▶ **What to produce**: Your task is to copy the listing exactly. Drop any pictures from the copy.

▶ **Dataset extract**:
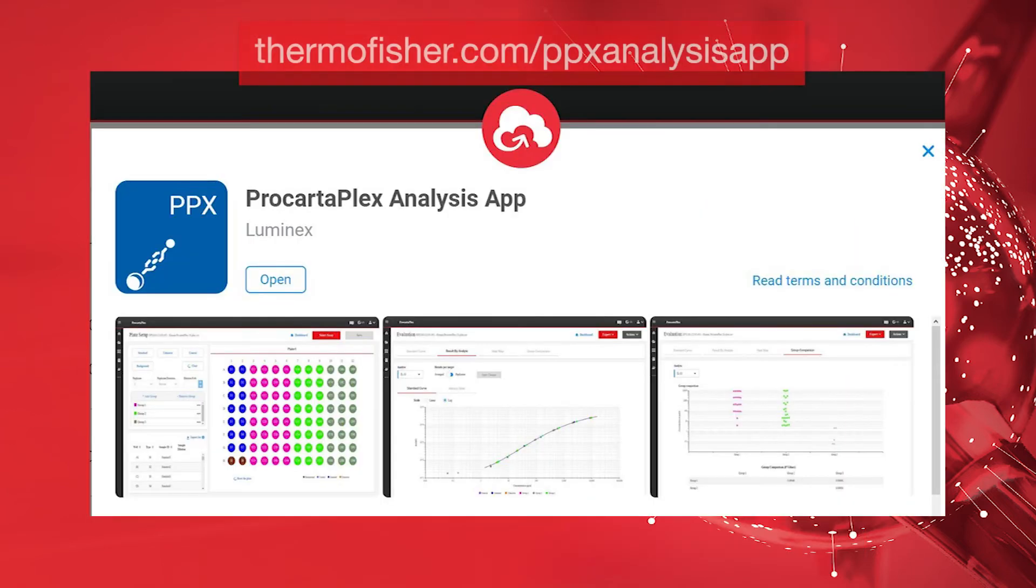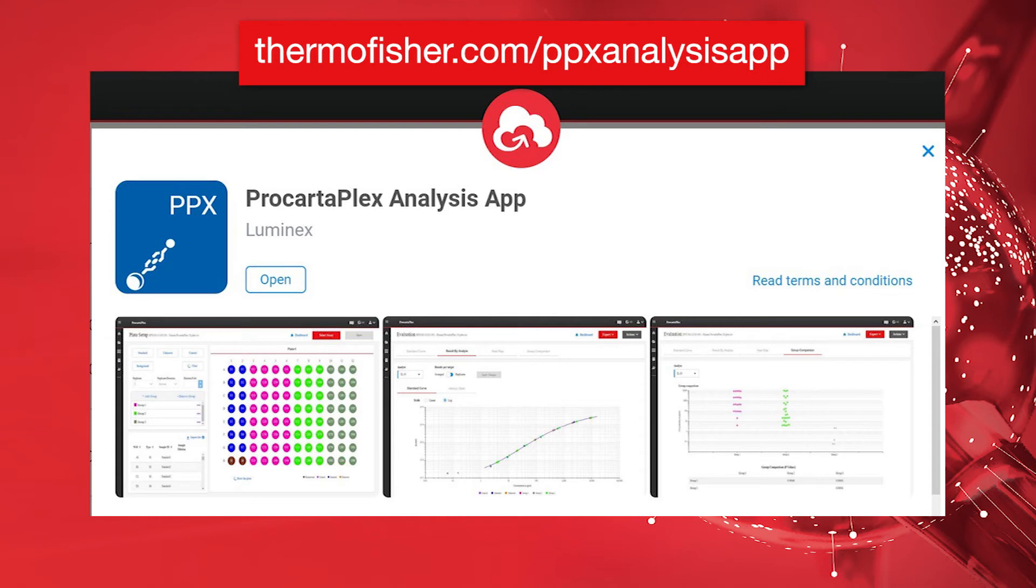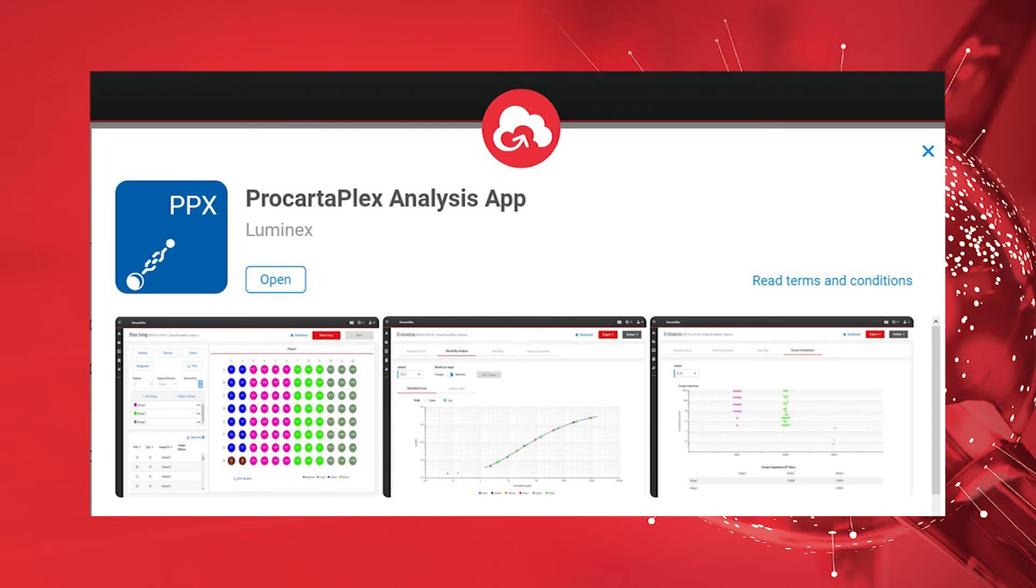Please visit the ProCartoPlex Analysis app at the URL shown to learn more about how to easily set up these details without manual data entry.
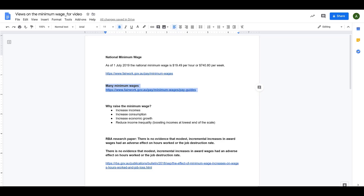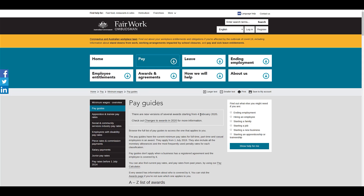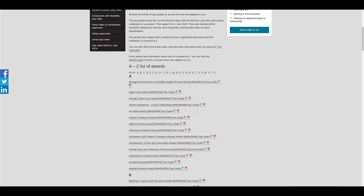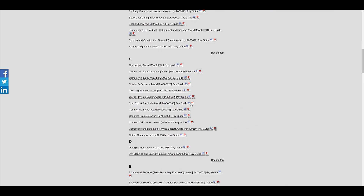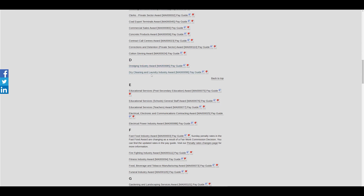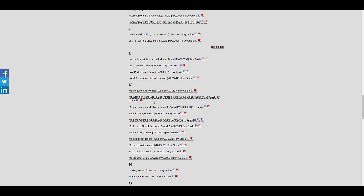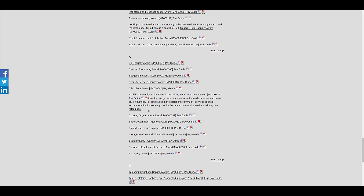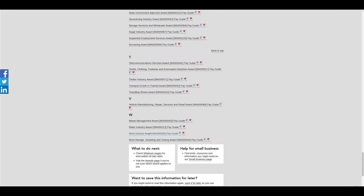What I also want you to think about is that in reality there are many minimum wages in the economy — there's not just this one wage. If we look at the pay guides, we can see there are all of these awards: car parking award, dredging industry, dry cleaning, graphic arts, marine tourism and charter vessels, racing clubs event award, the timber industry, wine industry — these all set the minimum wage for those specific industries, and that could be different from the overall national minimum wage.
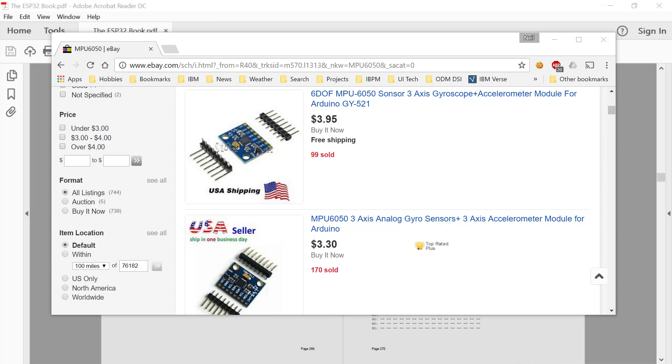This device is a 3-axis accelerometer and gyroscope. You can pick these up for about $4 and they connect via the I2C interface.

▶ **Response below**:
Please visit the ProCartoPlex Analysis app at the URL shown to learn more about how to easily set up these details without manual data entry.
What I also want you to think about is that in reality there are many minimum wages in the economy — there's not just this one wage. If we look at the pay guides, we can see there are all of these awards: car parking award, dredging industry, dry cleaning, graphic arts, marine tourism and charter vessels, racing clubs event award, the timber industry, wine industry — these all set the minimum wage for those specific industries, and that could be different from the overall national minimum wage.
This device is a 3-axis accelerometer and gyroscope. You can pick these up for about $4 and they connect via the I2C interface.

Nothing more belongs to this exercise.